Japanese Prime Minister Junichiro Koizumi visited a controversial war shrine Monday, where he paid homage to Japan's fallen soldiers. The Japanese leader made the visit two days ahead of schedule, amid protests from Japan's Asian neighbors.
In an attempt to downplay controversy, Japanese Prime Minister Junichiro Koizumi paid his respects at a Shinto shrine honoring the nation's war dead Monday instead of Wednesday, the anniversary of Japan's surrender in World War II.
By pushing his visit two days earlier, Mr. Koizumi was trying to dampen its symbolism. China, North and South Korea - countries that suffered under Japan's past expansionist policies - have strongly protested the visit to the shrine, which honors millions of Japanese soldiers serving in World War II, including convicted war criminals.

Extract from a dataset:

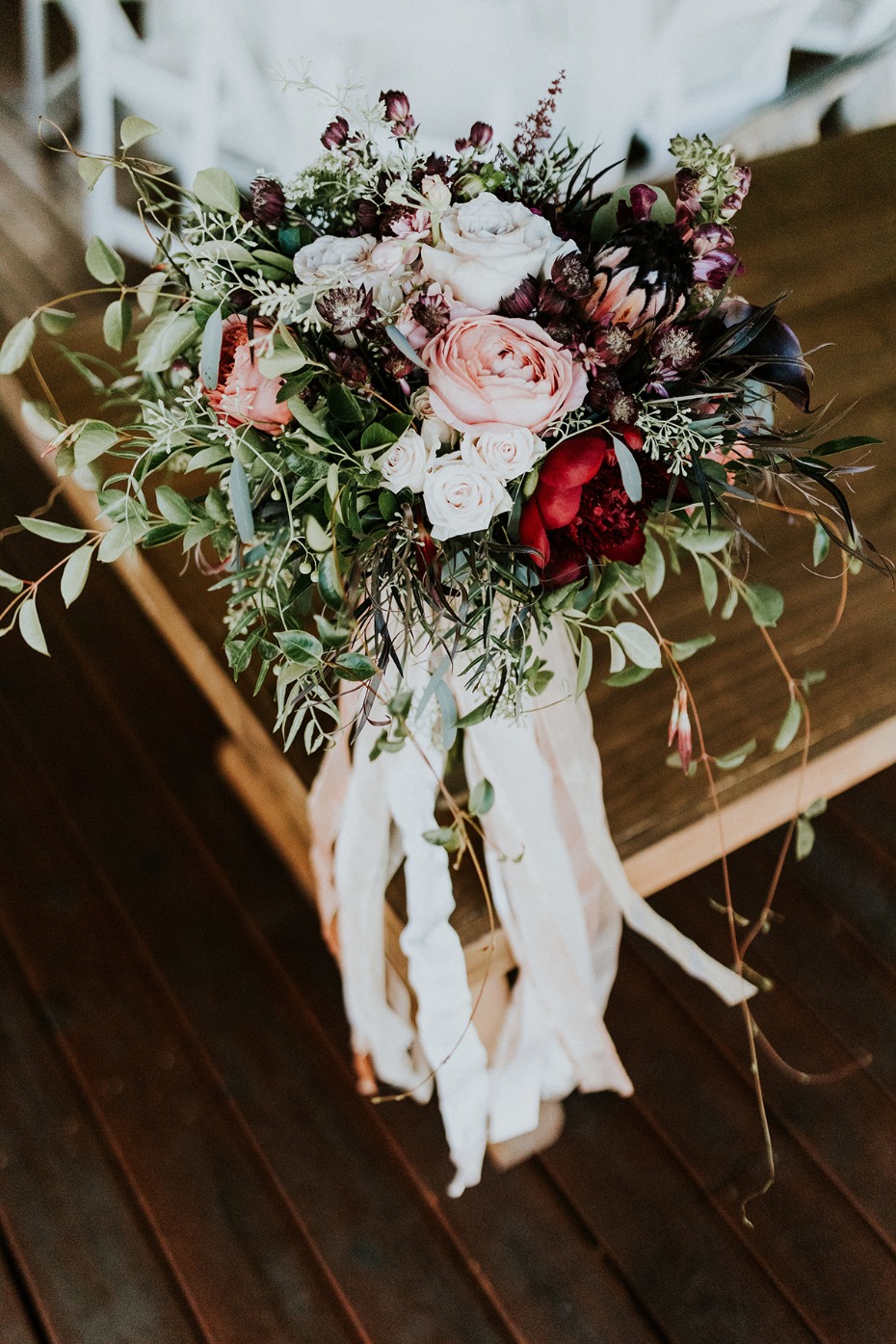 Romantic wedding bouquet with roses and flowing ribbons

After his brief trip to the shrine, Mr. Koizumi gave reporters his reason for worshipping at a controversial spot that most of his recent predecessors have avoided. He said Japan must not forget that today's peace and prosperity is the result of the many lives that were lost in World War II. He said he prayed for the souls of the dead and that Japan would never again go to war.
Mr. Koizumi was led into the shrine's altar by a priest, but he did not undergo traditional Shinto purification rituals, which could have stirred concerns of violating the separation of church and state as outlined in the Japanese Constitution.

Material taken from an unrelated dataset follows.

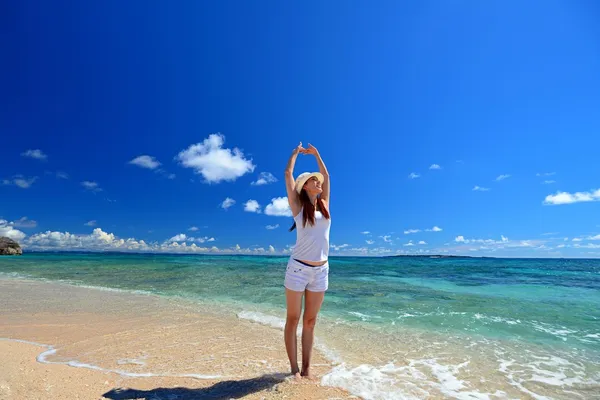 Jeune femme faisant des étirements sur la plage — Photo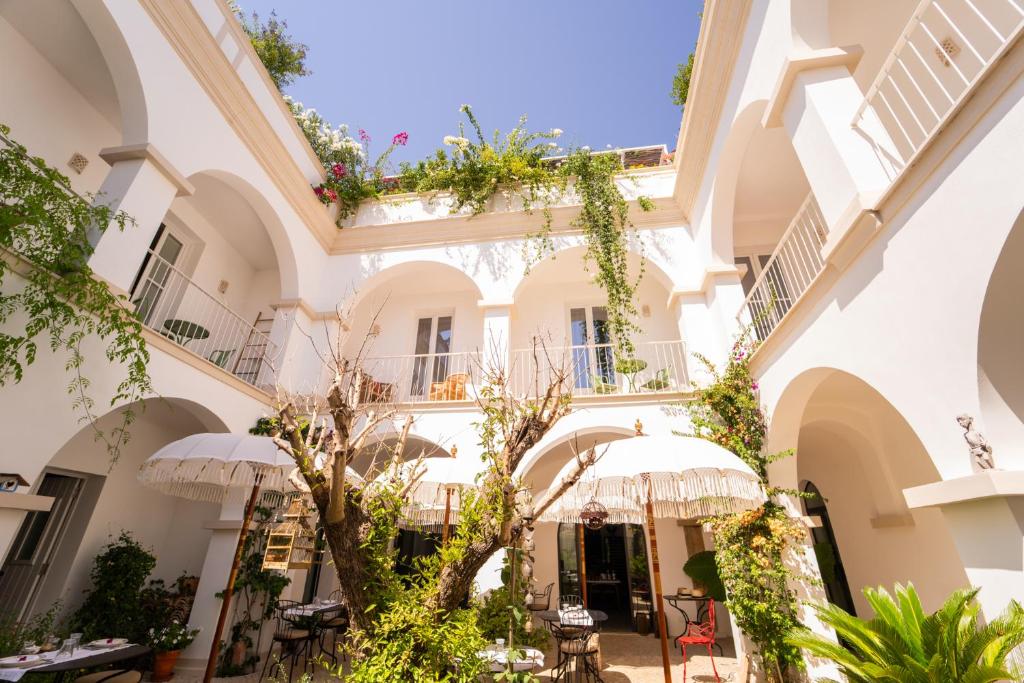 a courtyard of a building with tables and umbrellas at Casa Amor Olhão in Olhão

The prime minister said he backed off from a previous pledge to visit the shrine August 15 because his intentions would be misunderstood by some Japanese and by neighboring governments. He said he would like to meet with top officials from other Asian countries to exchange opinions and to clear up any misinterpretations.

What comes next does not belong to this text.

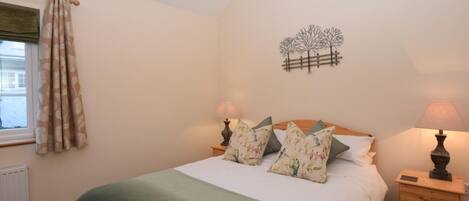A bedroom with a bed, two bedside tables, a radiator, a window with curtains, and a wall decoration.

In a statement released before his visit to the shrine, Mr. Koizumi tried to soothe the anger that much of Asia still feels towards Japan for its aggression before and during the war. In it, he said Japan caused immeasurable pain and suffering when it colonized other nations. He said Japan's aggressive actions were based on a mistaken national policy. The Japanese leader offered his deepest regret for all the victims of war.
Beijing immediately criticized the shrine visit, saying it remains opposed to Japanese leaders worshipping at the shrine.